Un objectif « expérientiel » signifie que la personne tend à se faire plaisir, à apprécier la nouveauté, ou à vouloir satisfaire sa curiosité. Une motivation sociale implique « le désir de nouer ou de renforcer des relations sociales », écrivent les chercheurs. Ce qui peut passer par des achats ostentatoires afin « d'impressionner les pairs », dans un contexte où cet achat assoit une classe sociale. En économie, cette demande de biens onéreux « est connue sous le nom d'effet snob ».

À côté, une raison « fonctionnelle » repose « sur l'utilisation pratique d'un produit ou sur la fonction qu'il remplit ». Ledit produit peut alors répondre à des besoins de base, comme se nourrir ou se chauffer. Tandis que les biens achetés dans un but financier « sont recherchés pour la valeur monétaire qu'ils peuvent fournir ». La dernière catégorie, l'intention spirituelle, fait écho à une protection, de la chance, ou de la fortune, qui seraient amenées par l'objet. Elle peut coïncider avec une fonction sociale.

Les cinq raisons évoquées conduisent à plusieurs sous-catégories. © Thomas‐Walters et al. 2020, Conservation Biology

Cartographier pour mieux cibler

Face à ce profilage, les chercheurs émettent quelques mises en garde. Notamment sur les personnes éprouvant ces motivations, qui ne seraient pas forcément les consommateurs finaux, mais parfois des intermédiaires. Par exemple, la médecine traditionnelle chinoise considère que les hippocampes séchés ont de multiples vertus. Les chercheurs expliquent que si une personne se rend chez un praticien de cette médecine, et se voit prescrire des hippocampes séchés, « alors la demande d'hippocampes ne proviendrait pas nécessairement du patient ». Mettant l'accent sur la nécessité de cibler au mieux l'origine de la demande.
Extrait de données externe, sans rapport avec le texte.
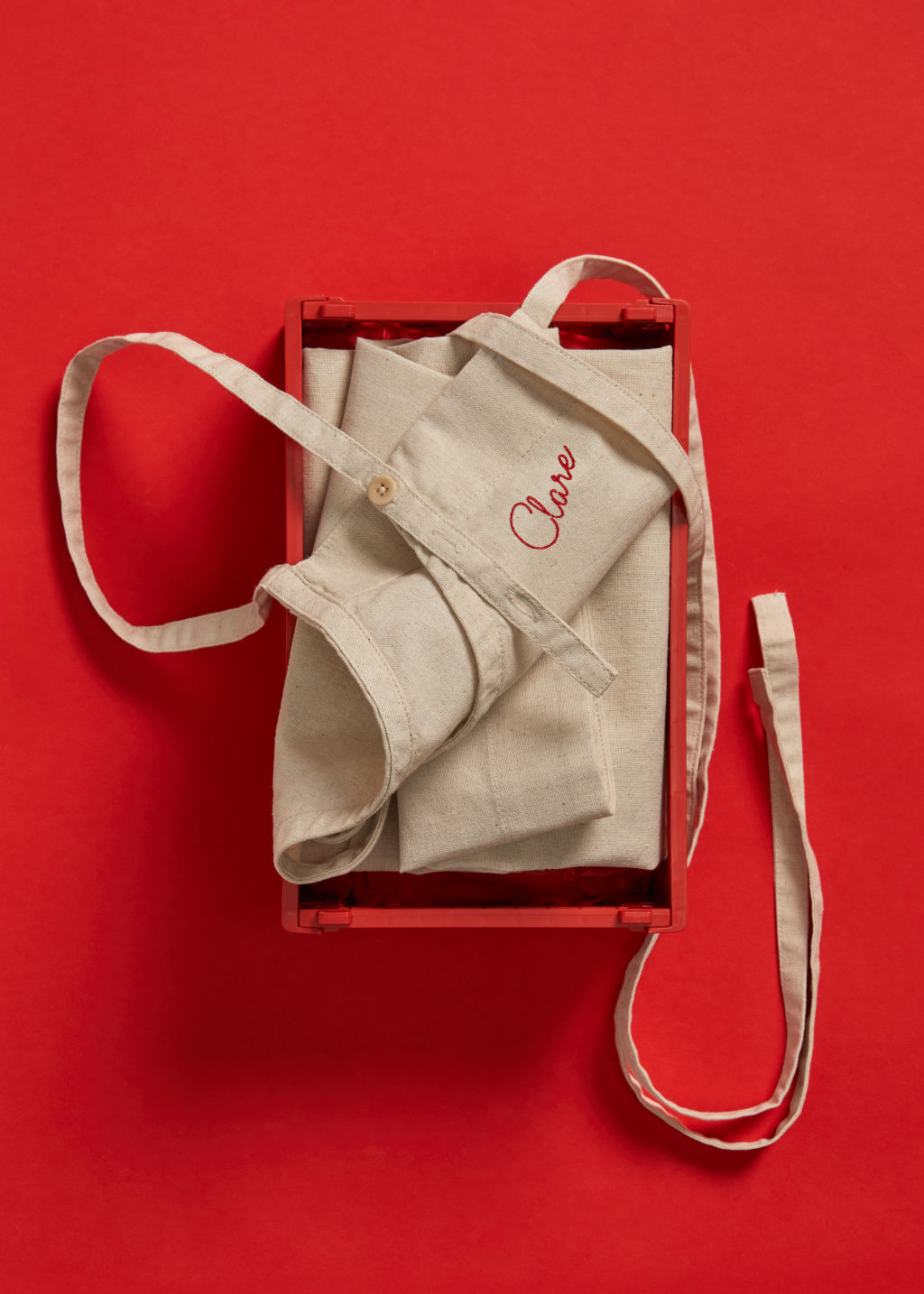 The Conscious Collection apron by Cargo Crew is crafted from sustainable, recycled materials. Photo: Supplied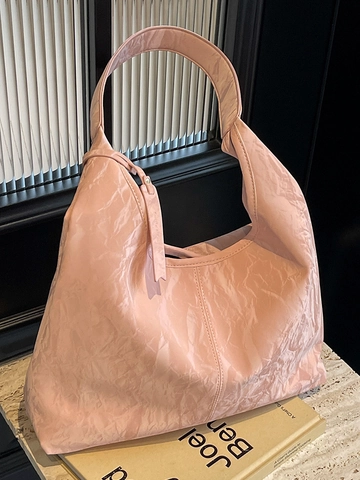 Damen Minimalistisch PU Leder Plissee Tragetasche Große Kapazität Lässige Schultertasche Vielseitige Pendler Mode Hobo Handtasche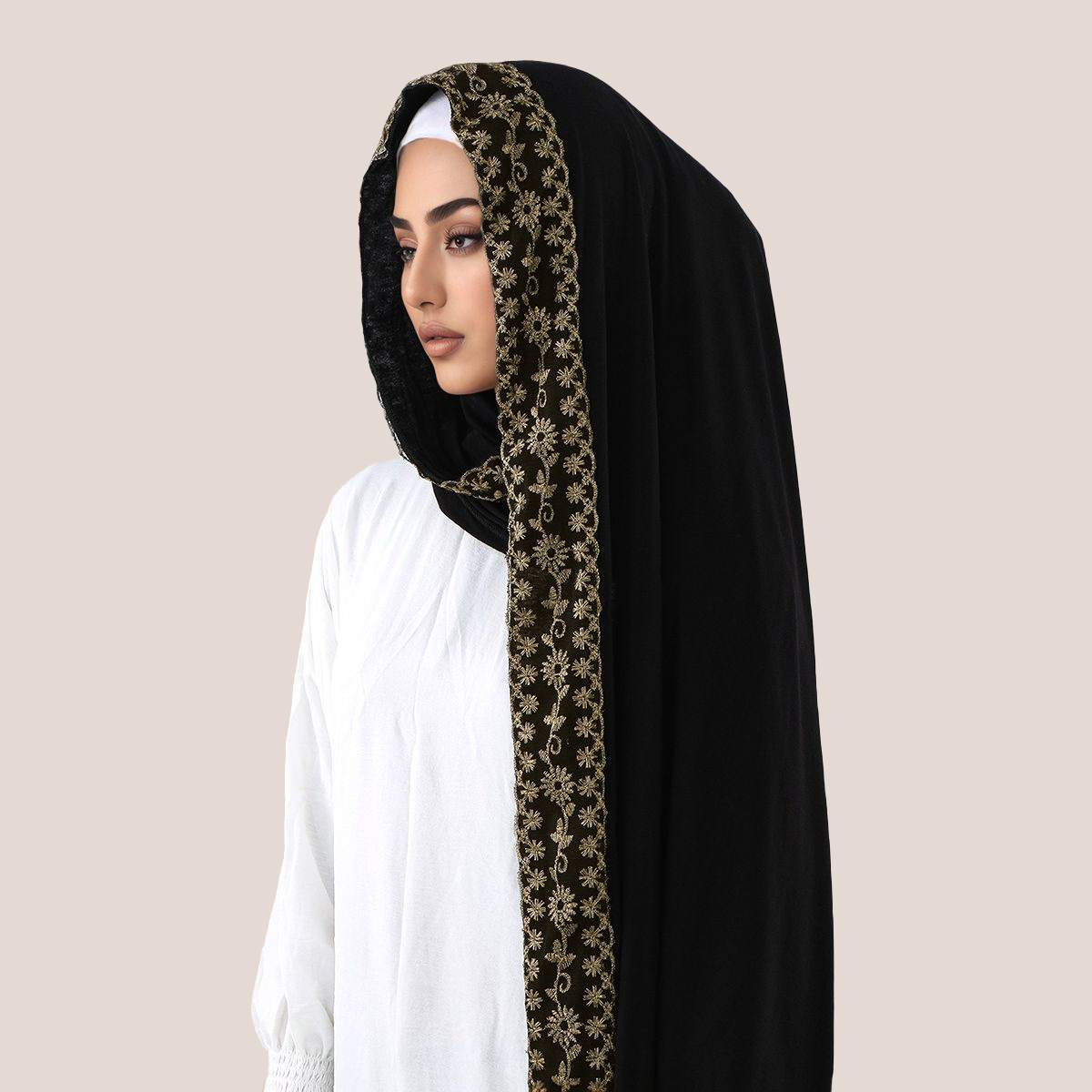 Lace Embroidery Cotton Jersey  - огляд і ціна Head Wrap Turban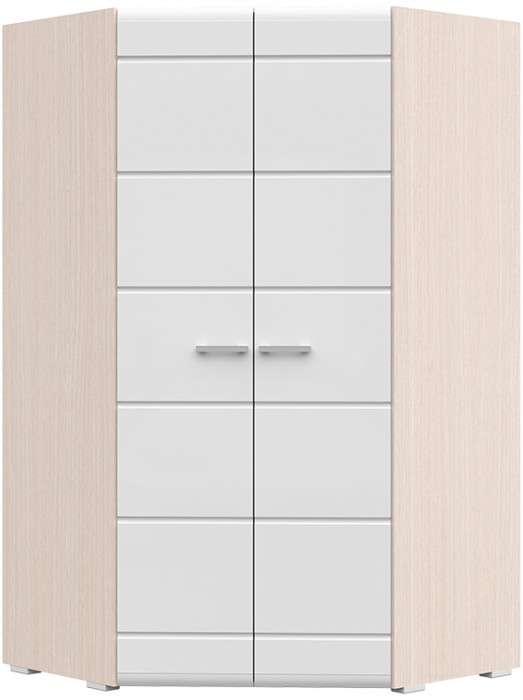 Симба шкаф угловой 2-х створчатый (1135*2000*1135) дуб белфорт/белый глянец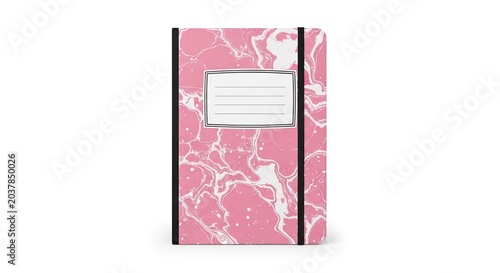 Centered pink marble journal with black elastic band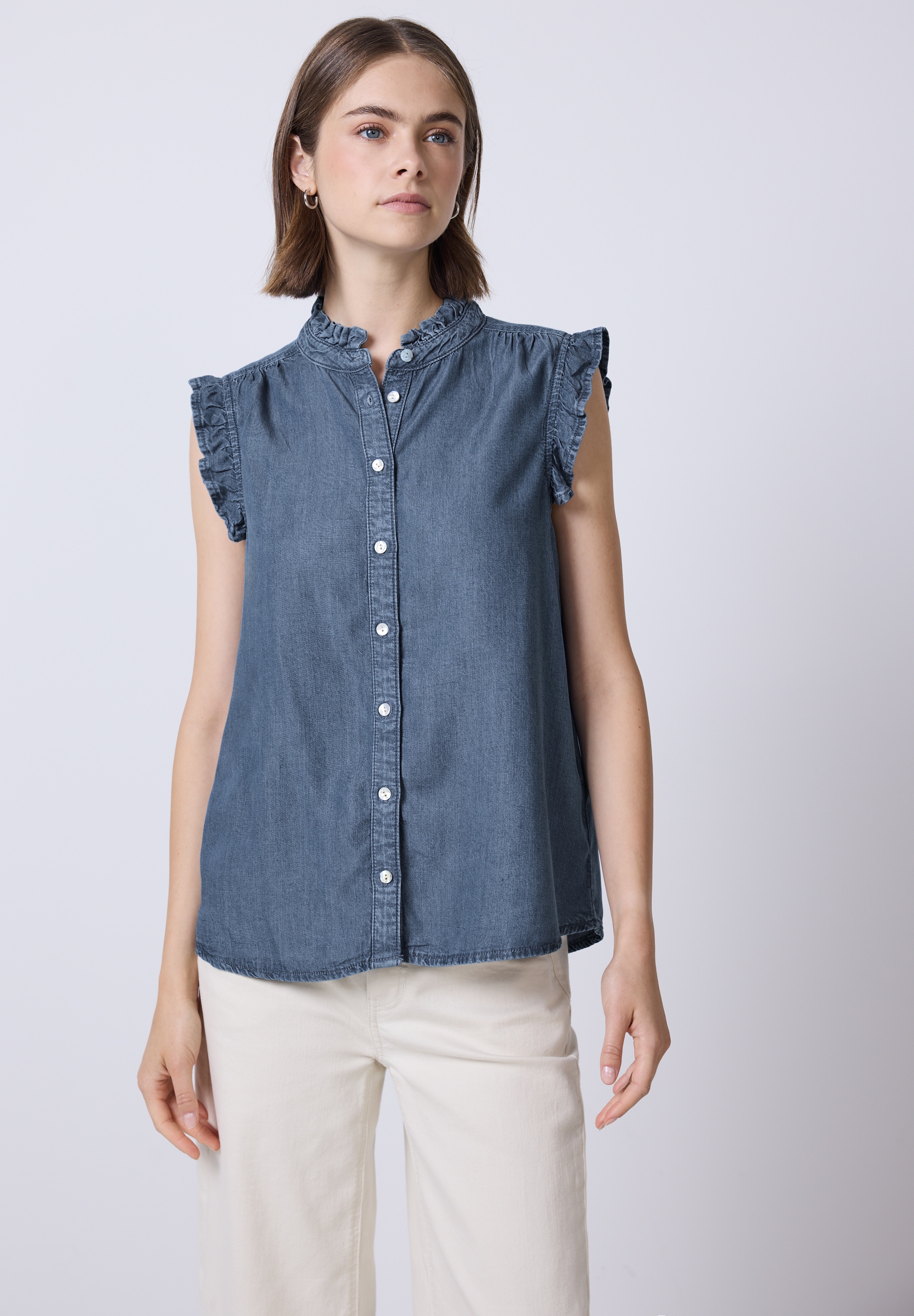 STREET ONE STUDIO Kurzarmbluse, in Denim-Optik günstig online kaufen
De la même façon, si un cadre juridique tente de restreindre la demande pour des produits du braconnage, mais que ce cadre contredit des croyances profondément ancrées chez les fonctionnaires devant l'appliquer..., cette législation risque de se révéler inefficace. Voire contre-productive. « Dans ces situations, les défenseurs de l'environnement [...] devraient collaborer avec les acteurs locaux », proposent les auteurs.
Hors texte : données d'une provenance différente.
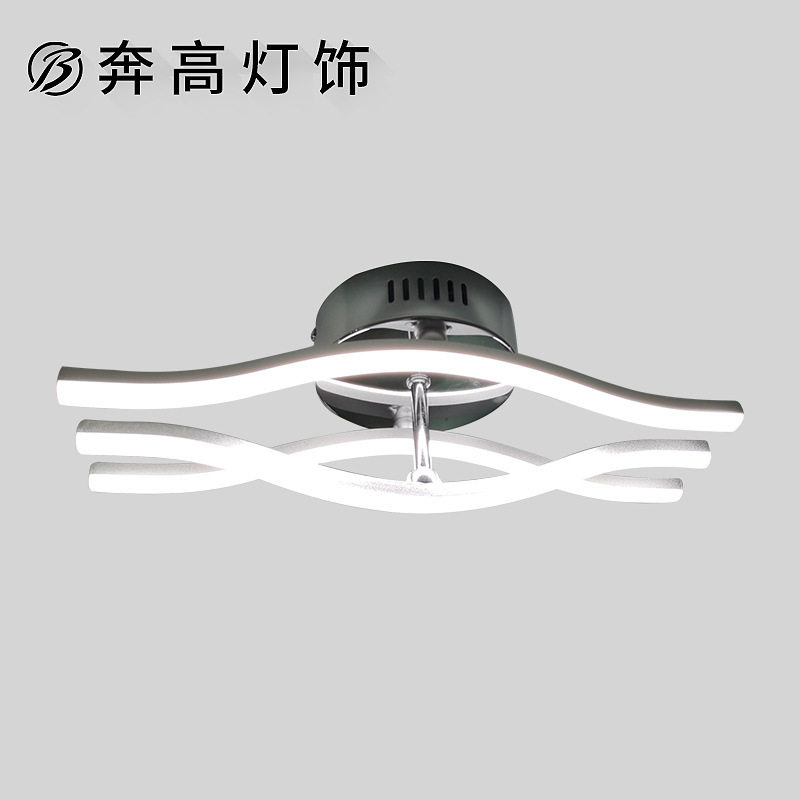 北欧简约条形LED卧室吸顶灯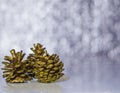 Three gold pine cones on the background bokeh. Royalty Free Stock Photo
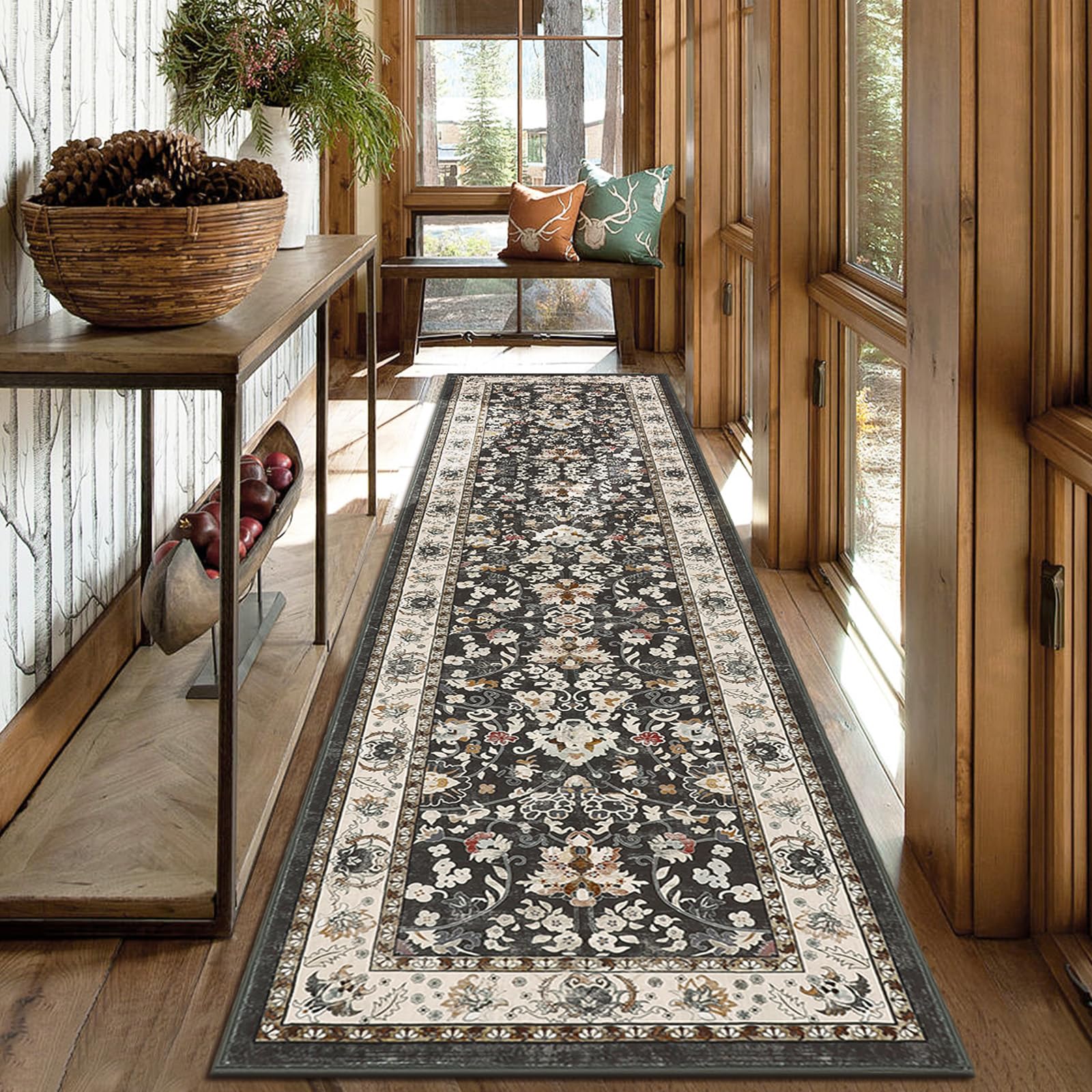 LOKHOM Washable Runner Rug, 2x8 Non Slip Vintage Hallway Runner Rug with Rubber Backing, Boho Floral Soft Faux Wool Kitchen Rug Carpet Runner for Kitchen Laundry Entryway Bedroom (Black) Image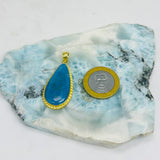Collector grade Dominican Larimar pendant in gold, additional view, for everyday wear, Mauna Vibes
Ils concluent en soulignant que cartographier les raisons des clients du braconnage permet de clarifier « la complexité de l'utilisation individuelle des produits de la faune et du commerce des espèces sauvages en général ». Et qu'une telle cartographie est cruciale pour rendre les interventions de réduction de la demande plus efficaces.